**Exercise objective**
Starting with the line that contains "Srebrny charms różowy", copy every line through the end of the listing, exactly and only those. No pictures should appear in the copy.

· · · · · · ·

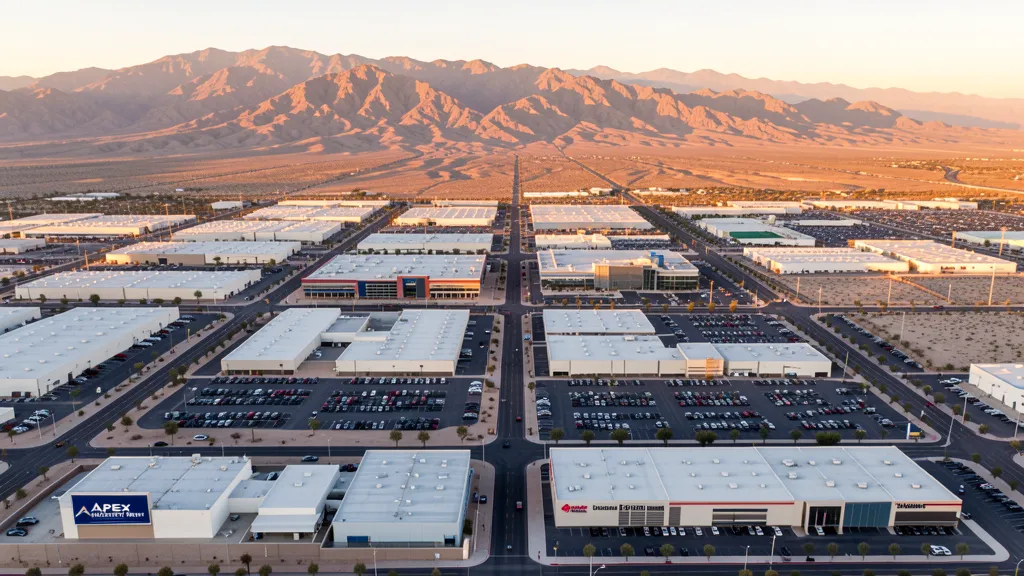 Aerial view of North Las Vegas, NV showing the local landscape and terrain relevant to aerial imaging operations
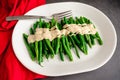 Green Beans with a Dijon-Tahini Sauce and Sesame Seeds Royalty Free Stock Photo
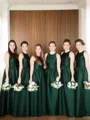 A-line kjole Scoop Gulvlengde Satin Brudepikekjoleres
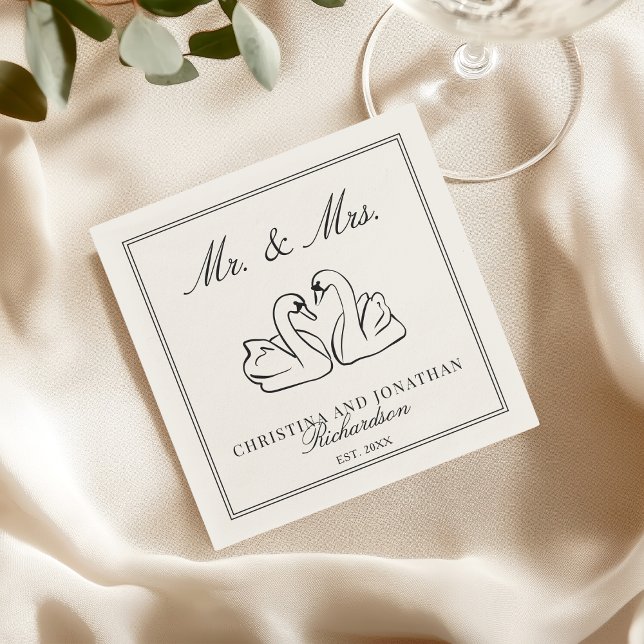 Ivory Mr & Mrs Romantic Swans Old Money Wedding  Napkins (Creator Uploaded)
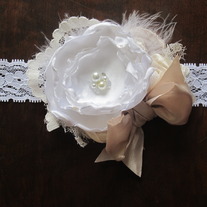 White and Caramel Glamour headband
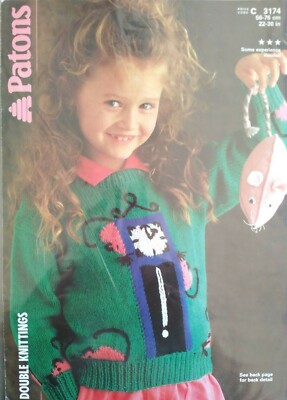 HICKORY DICKORY DOCK Sweater - 5 sizes, 56-76cm - PATONS Knitting Pattern 3174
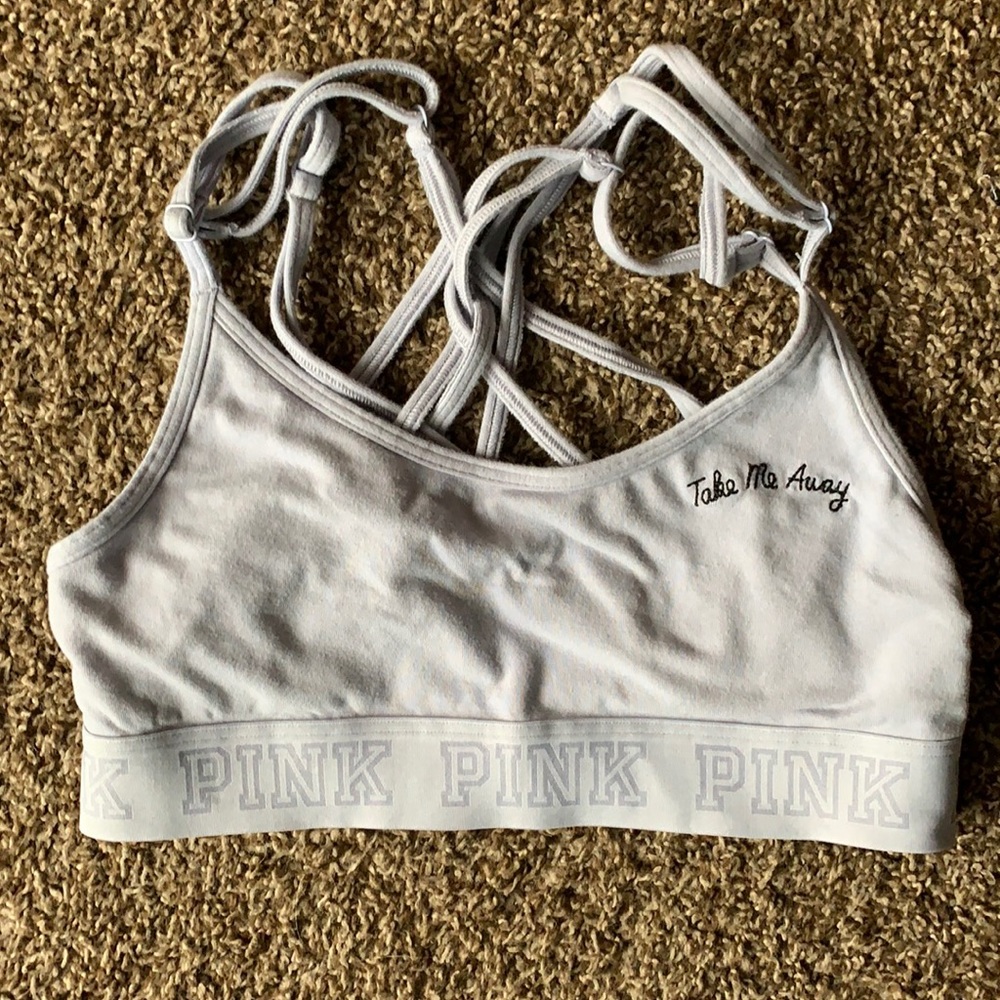 Strappy PINK sports bra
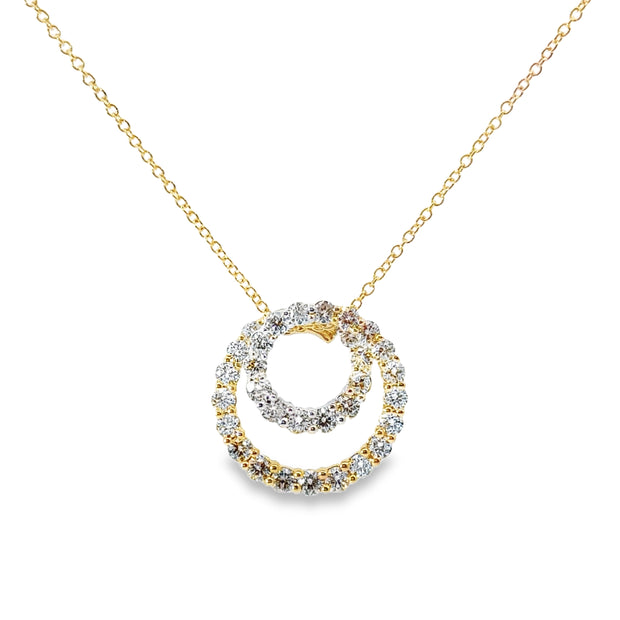 Yellow Gold Double Circle Diamond Pendant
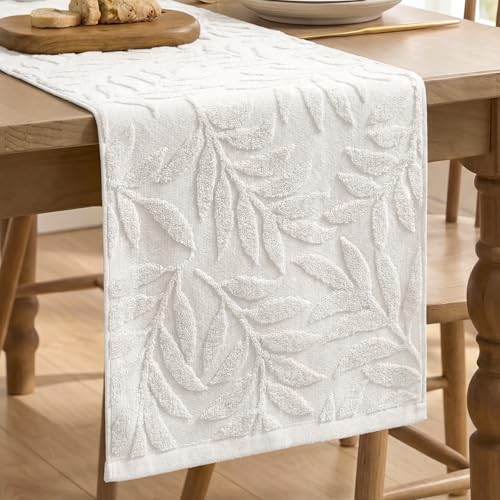 Artoid Mode White Soft 3D Jacquard Leaves 100%Cotton Spring Table Runner, Holiday Kitchen Dining Table Decoration for Home Party Decor 13x72 Inch - color: White
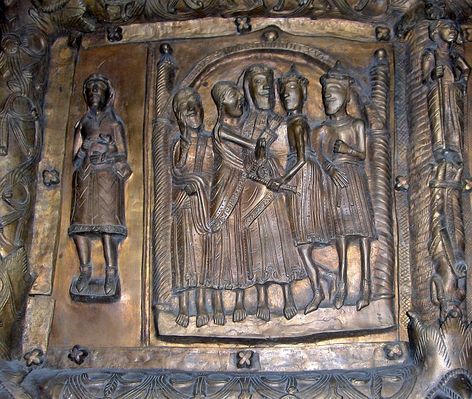 DRZWI PŁOCKIE - detal
Kwatera z "Pocałunkiem Judasza" i psiarczykiem karmiącym psa.
Słowa kluczowe: katedra drzwi płockie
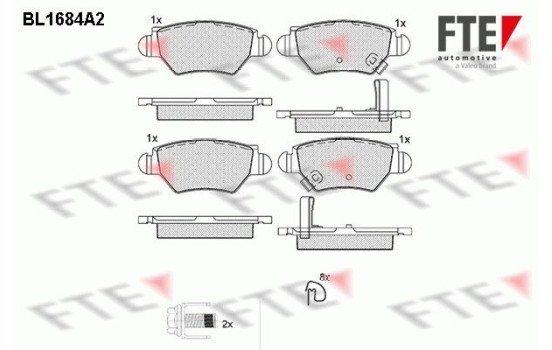 Kit de plaquettes de frein, frein à disque BL1684A2 FTE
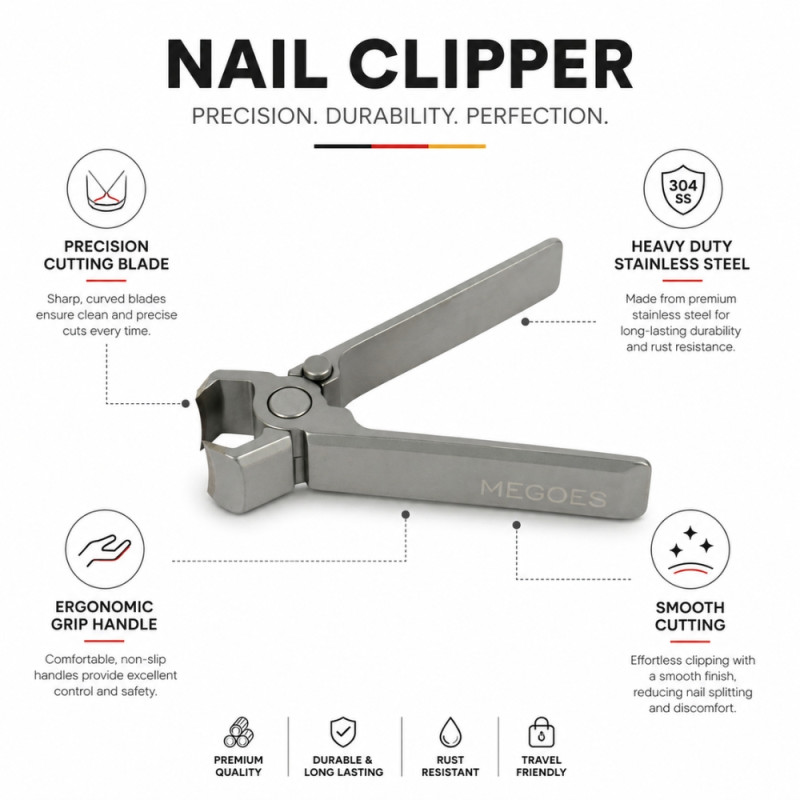 Professional MEGOES Wide-Jaw Nail Clipper – Ergonomic Silver Design (7.5cm)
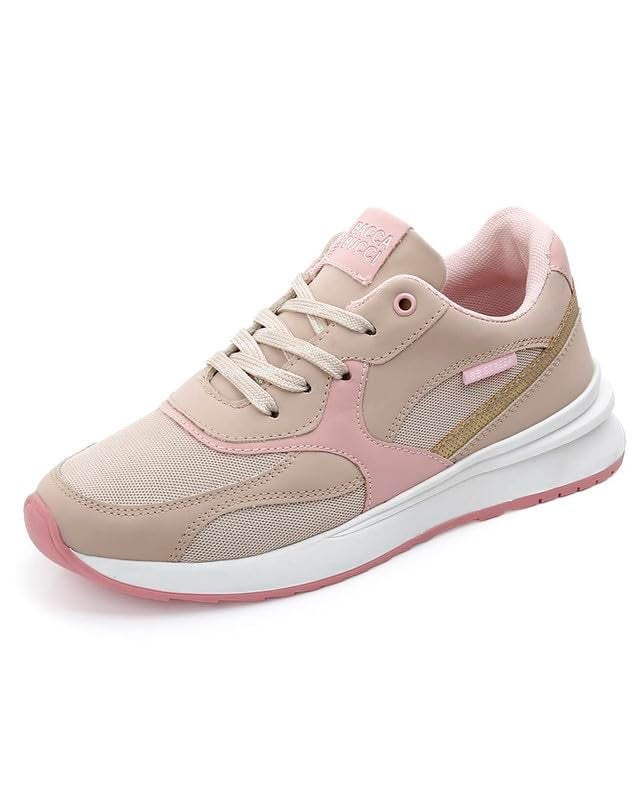 Bacca Bucci NYC Low-Top Women’s Sneakers for Gen Z Fashionistas Beige and Pink UK 7 - Image 1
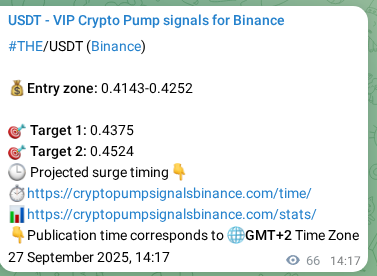 Signal verification: Confirm THE pump on Binance at 27 September 2025, 16:07 Signal verification: THE pump on Binance at 27 September 2025, 16:07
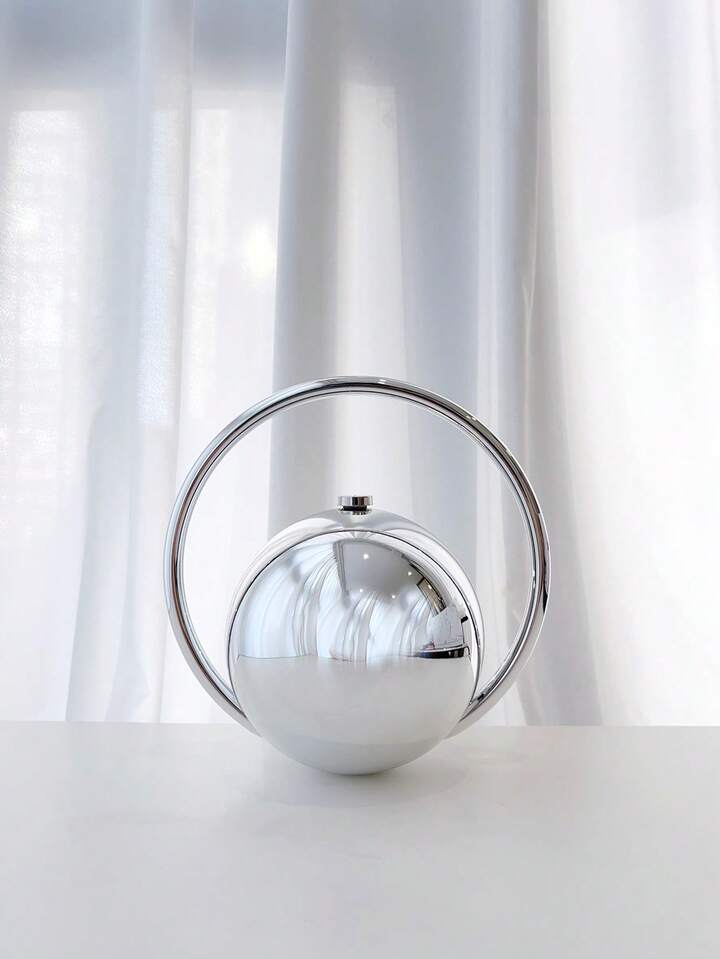 CM-BGS326453 Women Trendy Seoul Style 3D Asymmetric Ball Shaped Minimalist Evening Handbag - Silver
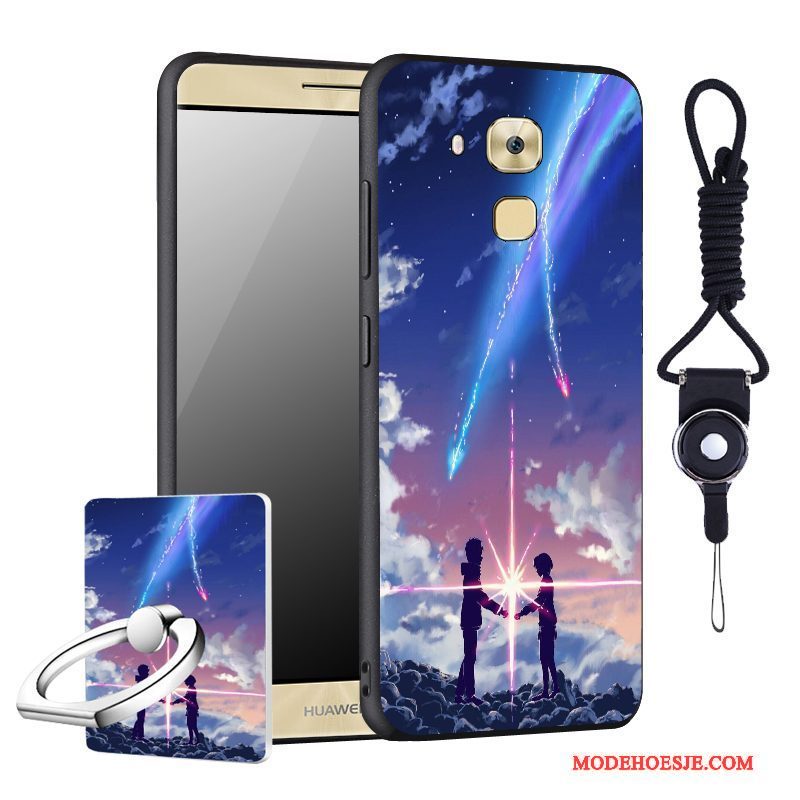 Hoesje Huawei G9 Plus Zacht Telefoon Donkerblauw, Hoes Huawei G9 Plus Zakken Anti-fall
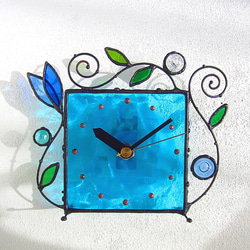 ステンドグラス*掛け＆置き時計・水色のアラベスク 1枚目の画像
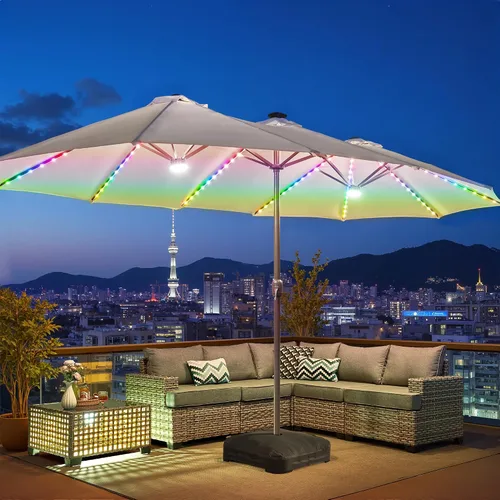 Vista 22 de HOOOWOOO Sombrilla de doble cabeza de 15 pies para patio al aire libre con Beige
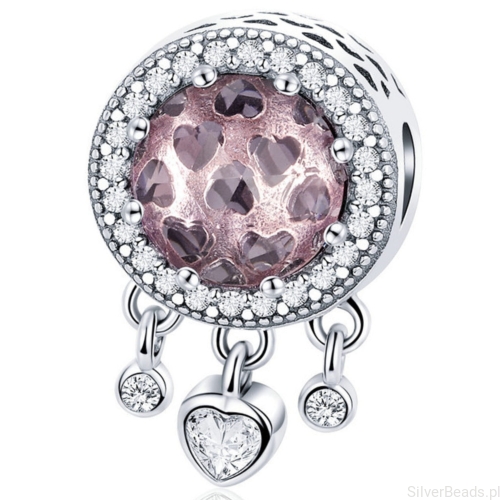 Srebrny charms różowy kryształ i serduszka beads srebro 925 koralik
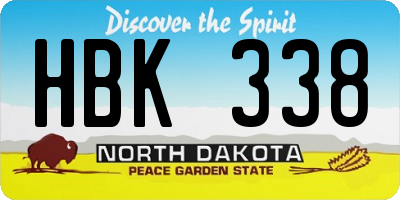 ND license plate HBK338
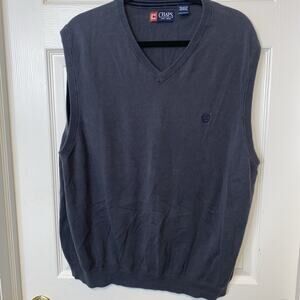 Chaps Sweater Vest Golf Men's XL Gray Cotton Knit V-Neck Pullover 0971-A1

· · · · · · ·

**Response to this task**
 Srebrny charms różowy kryształ i serduszka beads srebro 925 koralik
 ND license plate HBK338
 Chaps Sweater Vest Golf Men's XL Gray Cotton Knit V-Neck Pullover 0971-A1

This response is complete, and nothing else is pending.